5.2. Nel caso di specie, stante la natura delle prestazioni effettuate dal legale (per l’elenco delle prestazioni cfr. doc. Q e R), non è possibile affermare che esse costituiscono una posizione di danno a sé stante non coperta dalle ripetibili. Come rettamente rilevato dal Pretore tanto la cronologia quanto la tipologia delle attività svolte risultano assimilabili agli usuali e imprescindibili atti di preparazione di una causa giudiziaria. In concreto, il lavoro adempiuto dal legale si lascia sostanzialmente riassumere in una presa di conoscenza della problematica per il tramite del cliente e in una serie di contatti esplorativi con la controparte del tutto in linea con quanto abitualmente svolto prima dell’avvio della causa vera e propria; causa nella quale è poi effettivamente confluito il lavoro di preparazione appena descritto. Ne discende che quanto fatturato dal legale non può essere riconosciuto quale posta di spesa a sé stante, distinta da quelle del procedimento giudiziario, ma rientra a pieno titolo tra le attività coperte dalle ripetibili. Questa pretesa si rivela pertanto infondata e la decisione del Pretore va confermata.
Per i quali motivi,
visti gli art. 96 e 106 CPC
decide:
I. L’appello 17 gennaio 2012 è parzialmente accolto.
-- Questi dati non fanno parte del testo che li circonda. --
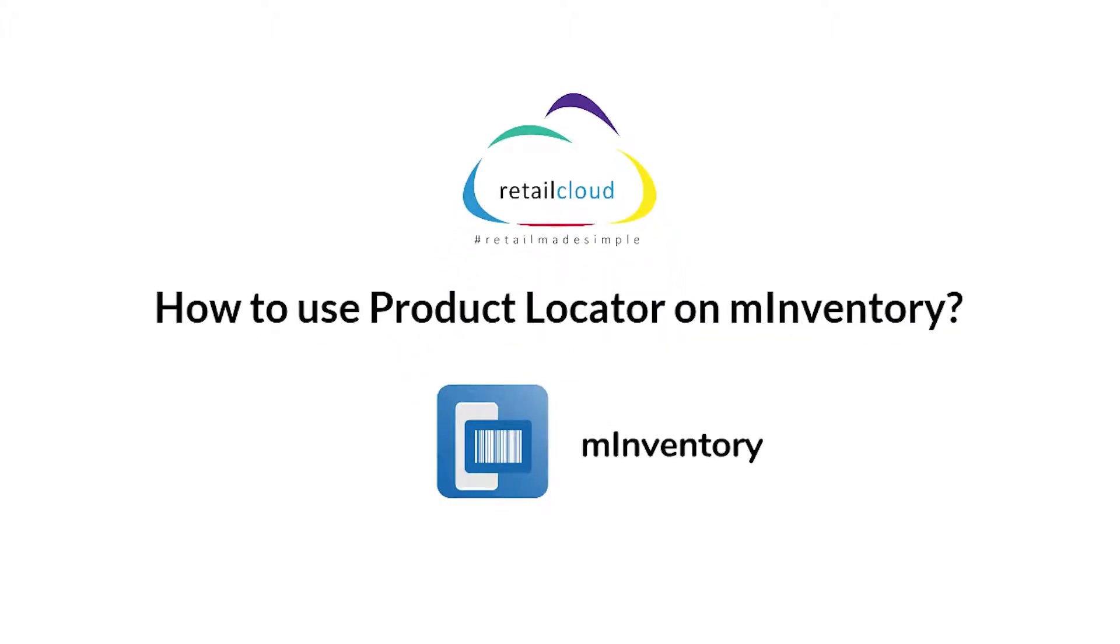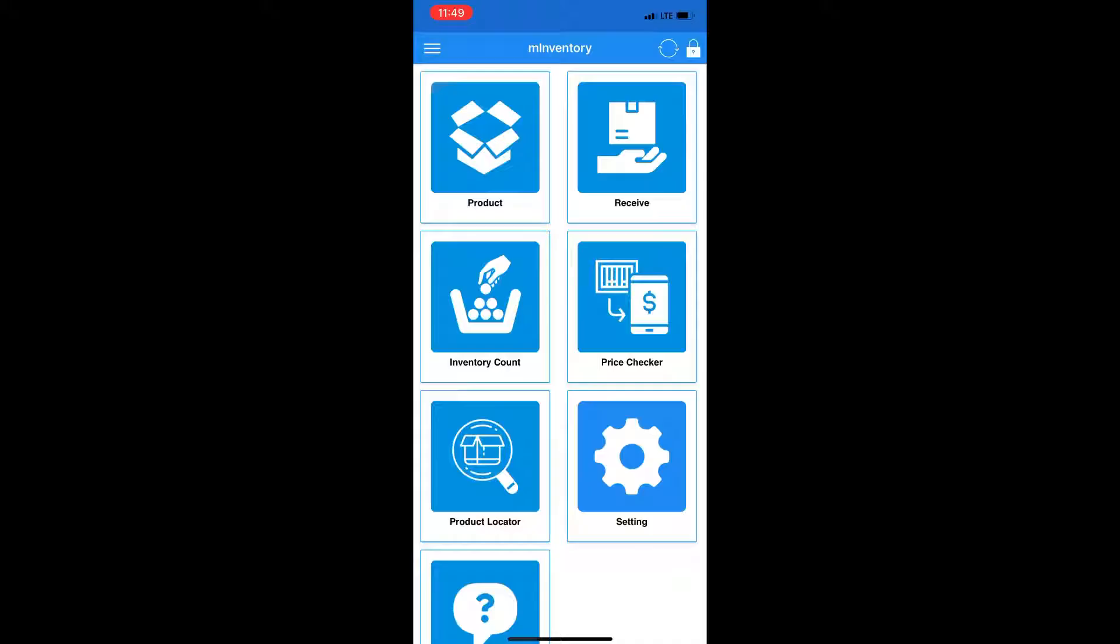In this video, we'll show how to use Product Locator within M-Inventory. From your home screen, tap on Product Locator.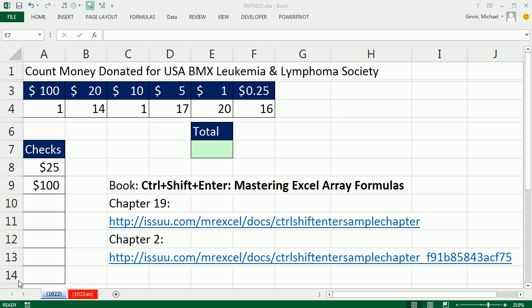Welcome to Excel Magic Trick number 1022. If you want to download this file, 1022, click on the link below the video.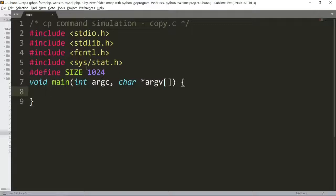Hi guys, welcome. This is the OS lab practical, the third experiment. We will see how to create a copy command.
Di conseguenza la sentenza 12 dicembre 2011 della Pretura del Distretto di Lugano, sezione 3, è così riformata:
1.1. Di conseguenza AO 1, __________, è condannata a versare a AP 1, __________, i seguenti importi:
fr. 15'600.- lordi, dai quali dedurre gli usuali oneri sociali, oltre interessi del 5% dal 31.12.2007 per stipendi tra l’8.11.07 ed il 31 gennaio 2008,
fr. 18'366.- di commissioni contrattuali oltre interessi del 5% dall’8.11.2007,
fr. 1’465.- per la vendita di vini oltre interessi del 5% dall’8.11.2007,
fr. 7'500.- per indennità ex art. 337c cpv. 3 CO oltre interessi del 5% dal 8.11.2007.
…
invariato
invariato.
invariato
invariato
II. Le spese giudiziarie della procedura di appello in complessivi fr. 600.-, da anticiparsi dall’appellante, restano a suo carico in ragione di 3/5 e per 2/5 sono poste a carico dell’appellata; l’appellante rifonderà a quest’ultima fr. 400.- per ripetibili di appello ridotte.
III. Notificazione:
Comunicazione alla Pretura del Distretto di Lugano, sezione 3
Per la seconda Camera civile del Tribunale d’appello
La presidente La vicecancelliera
Nelle cause a carattere pecuniario è dato ricorso in materia civile al Tribunale federale, 1000 Losanna 14, entro 30 giorni dalla notificazione del testo integrale della decisione (art. 100 cpv. 1 LTF), se il valore litigioso è superiore a fr. 30'000.-; per valori inferiori il ricorso è ammissibile se la controversia concerne una questione di diritto di importanza fondamentale (art. 74 cpv. 2 LTF). Qualora non sia dato il ricorso in materia civile è possibile proporre negli stessi termini ricorso sussidiario in materia costituzionale (art. 113, 117 LTF). La parte che intende impugnare una decisione sia con un ricorso ordinario sia con un ricorso in materia costituzionale deve presentare entrambi i ricorsi con una sola e medesima istanza (art. 119 LTF).